Court Rules UConn Has Right to Demote Professor Who Spoke Out

While Amir Faghri was dean of UConn’s engineering school, he criticized the school for considering a regional campus in Dubai and spoke out about several issues, including closing two schools and about alleged mismanagement of construction funds.

He was demoted and sued the school, calling it a freedom of speech issue, Business Insurance reports.

On Friday, Faghri lost his case in the 2nd U.S. District Court in New York. Judges decided that UConn had the right to demote Faghri because he was a public employee who held a management position, Business Insurance reports.
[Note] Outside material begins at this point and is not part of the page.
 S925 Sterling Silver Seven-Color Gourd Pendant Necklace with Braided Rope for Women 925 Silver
“Because the deanship of the School of Engineering is an executive policymaking position, the management of the university was entitled to have such a position occupied by one who voiced support for, or at least did not voice opposition to, the university's policies,” the ruling says, but: “To be sure, the First Amendment protects Faghri's right to speak in opposition to university policies. He could not have been jailed or held liable for such speech or enjoined from speaking.”

According to court documents, Faghri spoke out several times between 2004 and 2006.
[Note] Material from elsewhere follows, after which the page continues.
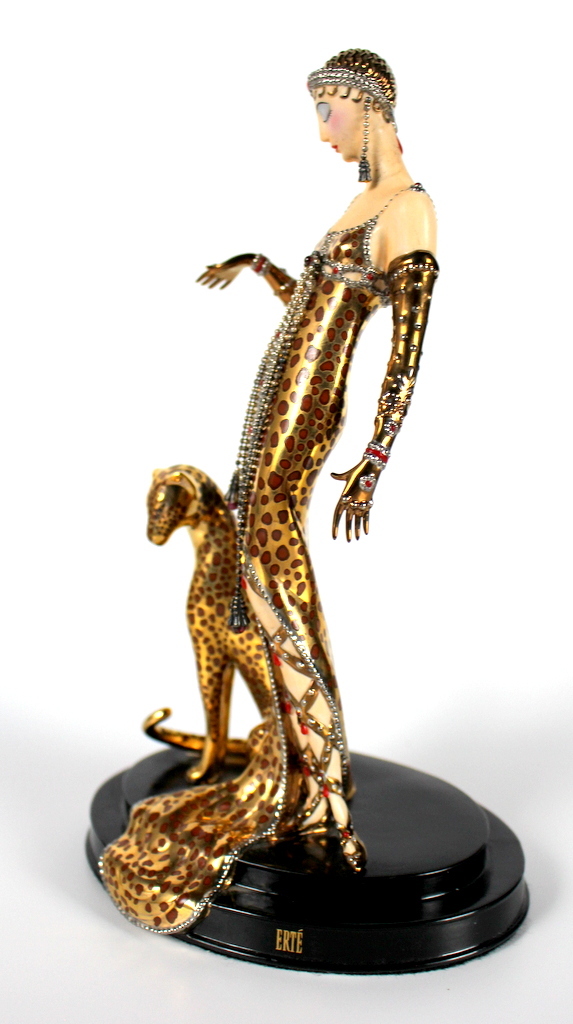 エルテ オセロ Erte Ocelot フランクリンミント FRANKLIN MINT フィギュリン アールデコ Erte by the House of Erte 豹 スワロフスキー_画像2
In 2005, he complained about a university delegation going to Dubai to consider establishing a regional campus in emails and at university meetings and said the “Dubai government was manipulating the university and that the project was ‘inappropriate.’”

He publicly opposed a university plan to close the School of Allied Health, the School of Family Studies and the College of Continuing Education, according to court records, and also called for an investigation into the university's alleged mismanagement of construction funds related to "UConn 2000."

In 2006, court records state, Faghri sent a letter to a state senator in which he opposed university-supported funding for the Connecticut Center for Advanced Technology, an independent center to research fuel cell technology.

His letter, court documents state, said: "the leadership of the School of Engineering believes the Bill (funding CCAT) is fatally flawed for a number of reasons" … "lacks the experience, personnel, facilities or the credibility" to perform the funded activities.

According to UConn’s Web site, Faghri is now a United Technologies Endowed Chair Professor in Thermal- Fluids Engineering.